**Aim of the task:** Beginning with the line that holds "Blue silk blend" in the data below, give again every line through the one that holds "Dancing Queen - 2955", exactly as written.

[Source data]
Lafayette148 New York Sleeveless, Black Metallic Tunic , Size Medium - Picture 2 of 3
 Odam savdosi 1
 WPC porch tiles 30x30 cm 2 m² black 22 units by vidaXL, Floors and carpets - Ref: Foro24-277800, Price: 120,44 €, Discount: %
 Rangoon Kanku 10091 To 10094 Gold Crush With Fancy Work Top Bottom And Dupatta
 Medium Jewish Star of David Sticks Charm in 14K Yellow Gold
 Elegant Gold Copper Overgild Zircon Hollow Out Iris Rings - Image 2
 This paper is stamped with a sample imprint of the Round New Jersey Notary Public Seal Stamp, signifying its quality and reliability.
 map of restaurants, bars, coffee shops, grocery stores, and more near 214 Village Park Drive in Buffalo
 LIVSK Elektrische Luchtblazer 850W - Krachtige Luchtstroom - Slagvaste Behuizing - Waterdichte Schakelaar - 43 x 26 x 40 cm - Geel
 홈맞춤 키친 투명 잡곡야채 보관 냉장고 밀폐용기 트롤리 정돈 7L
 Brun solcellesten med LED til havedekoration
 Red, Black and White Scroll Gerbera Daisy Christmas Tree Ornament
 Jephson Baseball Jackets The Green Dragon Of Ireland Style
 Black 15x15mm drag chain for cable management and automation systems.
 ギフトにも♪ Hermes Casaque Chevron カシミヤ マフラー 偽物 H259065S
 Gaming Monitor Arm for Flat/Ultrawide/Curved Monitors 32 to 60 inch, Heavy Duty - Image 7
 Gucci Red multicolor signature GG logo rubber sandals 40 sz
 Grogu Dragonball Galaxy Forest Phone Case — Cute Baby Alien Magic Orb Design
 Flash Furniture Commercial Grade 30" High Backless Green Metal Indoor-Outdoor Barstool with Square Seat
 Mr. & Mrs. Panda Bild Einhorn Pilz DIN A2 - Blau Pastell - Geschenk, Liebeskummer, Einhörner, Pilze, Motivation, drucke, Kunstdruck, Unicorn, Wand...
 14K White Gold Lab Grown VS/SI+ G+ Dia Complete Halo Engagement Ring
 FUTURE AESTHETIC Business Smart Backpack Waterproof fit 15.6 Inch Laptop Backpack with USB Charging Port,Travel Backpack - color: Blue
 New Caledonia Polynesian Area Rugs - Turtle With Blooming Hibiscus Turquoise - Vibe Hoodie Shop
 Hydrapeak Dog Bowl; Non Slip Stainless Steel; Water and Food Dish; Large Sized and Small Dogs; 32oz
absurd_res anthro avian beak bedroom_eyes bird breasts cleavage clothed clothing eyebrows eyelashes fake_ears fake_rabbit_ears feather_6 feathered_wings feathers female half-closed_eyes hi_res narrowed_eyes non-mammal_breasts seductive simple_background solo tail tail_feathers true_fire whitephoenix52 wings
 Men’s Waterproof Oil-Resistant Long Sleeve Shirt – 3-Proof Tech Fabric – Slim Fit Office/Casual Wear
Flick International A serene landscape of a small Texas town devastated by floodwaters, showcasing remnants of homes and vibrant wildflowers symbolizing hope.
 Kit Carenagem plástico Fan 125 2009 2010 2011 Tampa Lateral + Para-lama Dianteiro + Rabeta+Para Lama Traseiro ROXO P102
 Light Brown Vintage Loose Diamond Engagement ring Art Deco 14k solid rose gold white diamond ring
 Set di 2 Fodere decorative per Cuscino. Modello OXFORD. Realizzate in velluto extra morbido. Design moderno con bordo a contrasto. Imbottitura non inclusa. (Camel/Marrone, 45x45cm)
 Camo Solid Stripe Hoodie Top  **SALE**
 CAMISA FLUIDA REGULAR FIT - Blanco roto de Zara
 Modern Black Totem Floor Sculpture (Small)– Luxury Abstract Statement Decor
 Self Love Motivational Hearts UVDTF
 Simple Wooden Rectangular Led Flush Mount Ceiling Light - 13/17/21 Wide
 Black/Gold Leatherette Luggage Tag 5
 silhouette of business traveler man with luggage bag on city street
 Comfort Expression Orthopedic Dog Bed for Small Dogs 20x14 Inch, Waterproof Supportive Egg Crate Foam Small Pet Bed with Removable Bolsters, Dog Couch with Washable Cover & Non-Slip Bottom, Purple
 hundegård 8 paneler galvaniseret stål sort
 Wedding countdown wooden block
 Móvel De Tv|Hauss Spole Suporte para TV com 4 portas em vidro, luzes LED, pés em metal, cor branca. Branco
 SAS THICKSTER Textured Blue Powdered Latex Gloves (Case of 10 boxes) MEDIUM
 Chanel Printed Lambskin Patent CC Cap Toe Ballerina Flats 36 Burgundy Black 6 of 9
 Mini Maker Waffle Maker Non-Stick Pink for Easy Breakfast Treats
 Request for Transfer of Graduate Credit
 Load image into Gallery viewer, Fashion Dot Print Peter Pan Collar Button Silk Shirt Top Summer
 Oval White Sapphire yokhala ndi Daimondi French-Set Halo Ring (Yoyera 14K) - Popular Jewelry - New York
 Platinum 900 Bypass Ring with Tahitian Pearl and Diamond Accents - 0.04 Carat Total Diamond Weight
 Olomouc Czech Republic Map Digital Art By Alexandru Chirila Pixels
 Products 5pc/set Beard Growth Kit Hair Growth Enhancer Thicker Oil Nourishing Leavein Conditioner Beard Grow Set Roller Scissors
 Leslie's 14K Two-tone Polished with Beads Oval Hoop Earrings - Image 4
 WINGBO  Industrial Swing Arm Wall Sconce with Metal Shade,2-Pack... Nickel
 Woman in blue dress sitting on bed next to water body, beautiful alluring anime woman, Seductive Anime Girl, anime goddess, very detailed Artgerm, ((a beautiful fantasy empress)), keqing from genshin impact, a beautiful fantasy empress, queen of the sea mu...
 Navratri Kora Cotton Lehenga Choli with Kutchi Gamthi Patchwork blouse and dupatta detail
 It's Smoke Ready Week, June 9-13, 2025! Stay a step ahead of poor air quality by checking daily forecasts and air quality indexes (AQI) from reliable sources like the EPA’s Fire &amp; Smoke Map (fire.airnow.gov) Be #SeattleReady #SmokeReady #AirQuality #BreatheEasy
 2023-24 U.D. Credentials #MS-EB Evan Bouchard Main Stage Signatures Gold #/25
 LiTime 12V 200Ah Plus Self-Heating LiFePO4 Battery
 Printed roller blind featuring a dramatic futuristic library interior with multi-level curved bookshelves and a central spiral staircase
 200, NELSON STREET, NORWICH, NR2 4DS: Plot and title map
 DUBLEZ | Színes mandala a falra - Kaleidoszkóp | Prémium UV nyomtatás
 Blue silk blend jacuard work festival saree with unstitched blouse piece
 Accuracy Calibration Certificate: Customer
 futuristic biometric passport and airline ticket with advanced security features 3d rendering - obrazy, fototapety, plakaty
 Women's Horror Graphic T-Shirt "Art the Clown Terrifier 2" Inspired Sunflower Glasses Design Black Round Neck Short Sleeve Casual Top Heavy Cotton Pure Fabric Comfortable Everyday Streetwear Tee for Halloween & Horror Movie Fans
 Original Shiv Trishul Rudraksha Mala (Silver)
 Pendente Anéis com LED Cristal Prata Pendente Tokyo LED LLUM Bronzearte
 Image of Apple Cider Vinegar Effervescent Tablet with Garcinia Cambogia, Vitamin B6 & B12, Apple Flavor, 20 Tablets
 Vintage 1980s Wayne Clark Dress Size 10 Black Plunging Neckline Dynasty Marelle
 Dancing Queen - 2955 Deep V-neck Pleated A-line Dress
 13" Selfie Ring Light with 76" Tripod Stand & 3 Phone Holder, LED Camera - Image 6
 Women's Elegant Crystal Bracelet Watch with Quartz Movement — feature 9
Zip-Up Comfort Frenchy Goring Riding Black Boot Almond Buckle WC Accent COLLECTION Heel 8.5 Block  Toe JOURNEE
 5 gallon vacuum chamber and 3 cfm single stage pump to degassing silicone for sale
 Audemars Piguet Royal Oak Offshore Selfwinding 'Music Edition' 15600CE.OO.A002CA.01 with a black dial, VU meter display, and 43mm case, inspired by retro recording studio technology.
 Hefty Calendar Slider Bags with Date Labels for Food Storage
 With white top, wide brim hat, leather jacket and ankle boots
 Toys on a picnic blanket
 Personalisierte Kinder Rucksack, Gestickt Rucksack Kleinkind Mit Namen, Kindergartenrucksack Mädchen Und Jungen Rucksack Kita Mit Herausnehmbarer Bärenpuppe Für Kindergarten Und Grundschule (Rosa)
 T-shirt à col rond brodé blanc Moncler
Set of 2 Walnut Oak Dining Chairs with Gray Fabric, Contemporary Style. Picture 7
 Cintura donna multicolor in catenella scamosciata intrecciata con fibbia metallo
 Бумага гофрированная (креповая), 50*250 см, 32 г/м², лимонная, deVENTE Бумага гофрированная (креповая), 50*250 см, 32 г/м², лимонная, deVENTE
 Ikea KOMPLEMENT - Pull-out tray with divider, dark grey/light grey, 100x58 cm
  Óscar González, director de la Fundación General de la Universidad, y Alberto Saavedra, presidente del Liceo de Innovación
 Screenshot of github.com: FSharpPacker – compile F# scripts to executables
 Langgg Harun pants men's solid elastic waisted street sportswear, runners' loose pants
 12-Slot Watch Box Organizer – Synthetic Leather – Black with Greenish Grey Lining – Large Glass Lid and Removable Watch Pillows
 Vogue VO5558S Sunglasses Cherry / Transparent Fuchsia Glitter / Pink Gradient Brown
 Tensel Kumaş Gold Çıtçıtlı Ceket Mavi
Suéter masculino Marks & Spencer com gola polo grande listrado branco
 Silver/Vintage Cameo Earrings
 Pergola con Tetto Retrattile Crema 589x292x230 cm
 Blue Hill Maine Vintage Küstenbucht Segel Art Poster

**Task answer:**
 Blue silk blend jacuard work festival saree with unstitched blouse piece
 Accuracy Calibration Certificate: Customer
 futuristic biometric passport and airline ticket with advanced security features 3d rendering - obrazy, fototapety, plakaty
 Women's Horror Graphic T-Shirt "Art the Clown Terrifier 2" Inspired Sunflower Glasses Design Black Round Neck Short Sleeve Casual Top Heavy Cotton Pure Fabric Comfortable Everyday Streetwear Tee for Halloween & Horror Movie Fans
 Original Shiv Trishul Rudraksha Mala (Silver)
 Pendente Anéis com LED Cristal Prata Pendente Tokyo LED LLUM Bronzearte
 Image of Apple Cider Vinegar Effervescent Tablet with Garcinia Cambogia, Vitamin B6 & B12, Apple Flavor, 20 Tablets
 Vintage 1980s Wayne Clark Dress Size 10 Black Plunging Neckline Dynasty Marelle
 Dancing Queen - 2955 Deep V-neck Pleated A-line Dress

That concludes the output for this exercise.